Work task
Begin with the line holding "Arte Marble Diana" and end with the last line of the records below. Set down exactly those lines and leave out every picture.
=====
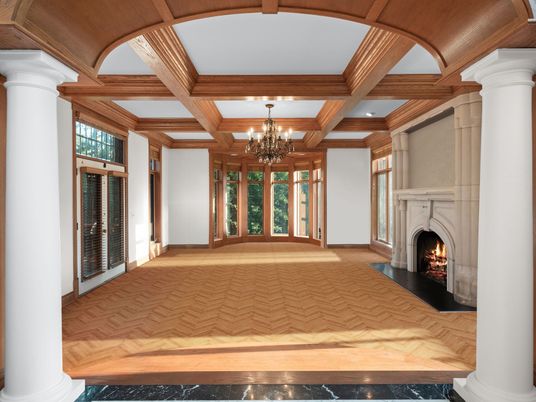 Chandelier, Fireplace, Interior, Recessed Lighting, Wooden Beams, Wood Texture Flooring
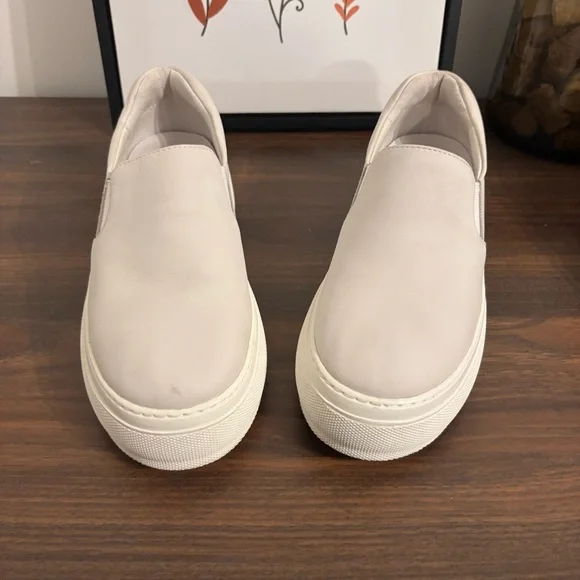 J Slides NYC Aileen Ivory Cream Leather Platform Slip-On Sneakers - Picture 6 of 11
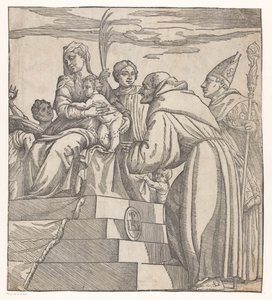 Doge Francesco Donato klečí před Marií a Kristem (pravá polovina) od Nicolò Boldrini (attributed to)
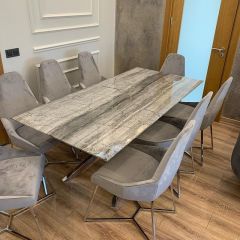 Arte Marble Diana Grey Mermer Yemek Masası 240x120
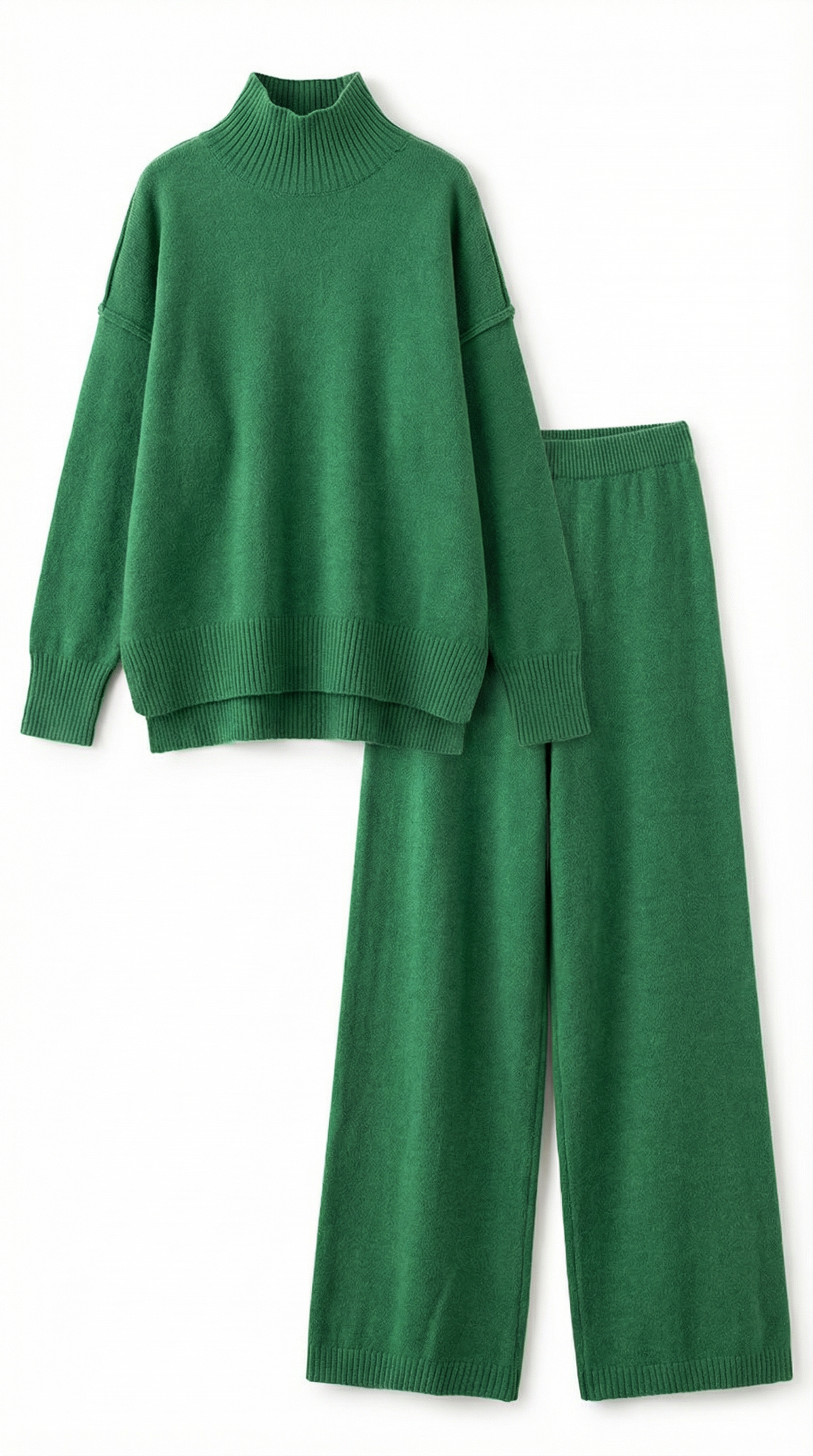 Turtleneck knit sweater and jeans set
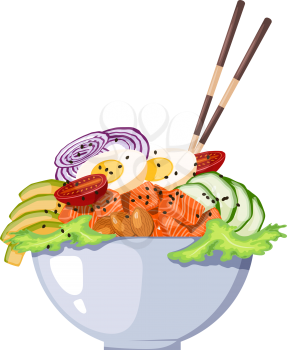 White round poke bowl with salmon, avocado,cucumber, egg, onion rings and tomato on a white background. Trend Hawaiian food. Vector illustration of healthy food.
=====
Output for this task
 Arte Marble Diana Grey Mermer Yemek Masası 240x120
 Turtleneck knit sweater and jeans set
 White round poke bowl with salmon, avocado,cucumber, egg, onion rings and tomato on a white background. Trend Hawaiian food. Vector illustration of healthy food.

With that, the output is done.